Although sales are not necessarily the final arbiter of quality, TR&TB is the band’s first album to reach the Billboard Top 20, and it took the number one slot in the magazine’s “Indie” chart. Not bad for a group who proudly consider themselves outsiders.
“Our Apologies” kicks things off in roaring style, and is a great example of what this disc is all about. The crux of the argument among “’Shroomheads” about this set has to do with the “heaviness quotient.” Some are even crying “sell out.” I completely disagree, but then I’m an old guy who remembers when the heavy stuff was called “hard rock.” The overall feeling I get after listening to the 2014 version of Mushroomhead is that they have more in common with old school hard rockers such as Deep Purple or UFO than maybe even they would care to admit. Beneath the growling vocals and crunching guitars, there are solid riffs. And in metal, the riff is king.
This record is powerful, industrial metal, without a doubt. But what sells these songs as songs are the riffs. Besides “Our Apologies,” check out “How Many Times,” “For Your Pleasure,” and “Son of 7” for major riffage. It is hard to see how fans would argue with those tracks. In terms of what could be called “vintage” Mushroomhead, the song “Qwerty” cannot be beat.
The bizarre, almost circus-like atmosphere of “Qwerty” pretty much stands alone among the 14 tracks, but there are plenty of other strange moments. “We Are the Truth” has a crazed, funky rhythm, and the layered vocals turn it into a total trip. “Worlds Collide” takes us down, down, down, then lifts with a monstrous crunch. The rat-a-tat-tat guitars of “Devils Be Damned” also cannot be denied.
If there is a problem with TR&TB, it comes in the middle, where they veer dangerously close to power ballad territory. “Portraits of the Poor” begins with an interesting piano introduction, and just when we expect them to pull out the big guns, they veer off in an “Every Rose Has Its Thorn” direction. The short (1:45) “Childlike” gets even closer to dreaded land of the ‘80s power ballad. On the plus front, at least this band understands the art of programming a record, where you bury your weakest tracks in the middle.

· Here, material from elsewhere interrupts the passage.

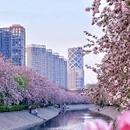 北京旅游 缩略图 5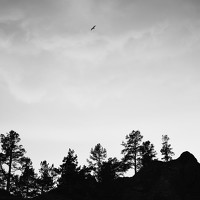 Анна Глухова - photographer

These are the fifth and sixth songs on the set.
The final Mushroomhead original of TR&TB is “Out of My Mind,” and it is a smoker. This is massive metal without question, but also lays bare their reverence for past heroes. “Out of My Mind” definitely shows some respect for old schoolers Judas Priest, and it sounds great. Finally there is the much-maligned cover of Adele’s “Rumour Has It.” You either love it or hate it, basically. I think it is great, and a hilarious choice.
While I have a problem with a couple of the tracks, overall this is a very strong effort. It is also important to mention that the high quality of tracks such as “Qwerty” and “Out of My Mind” almost negates the lesser tunes. So in the end, whether this is the “best” Mushroomhead recording of all is still kind of up in the air for me. It is certainly one of their best, and definitely rewards multiple listenings.
It is a very funny thing to say that that their eighth album is as good a place to start as any for the curious. Yet that may be the greatest recommendation of all. Without a doubt, anyone who likes this band, or even thinks they might like them, needs to check out The Righteous & The Butterfly.[amazon template=iframe image&asin=B00IZ27H7O]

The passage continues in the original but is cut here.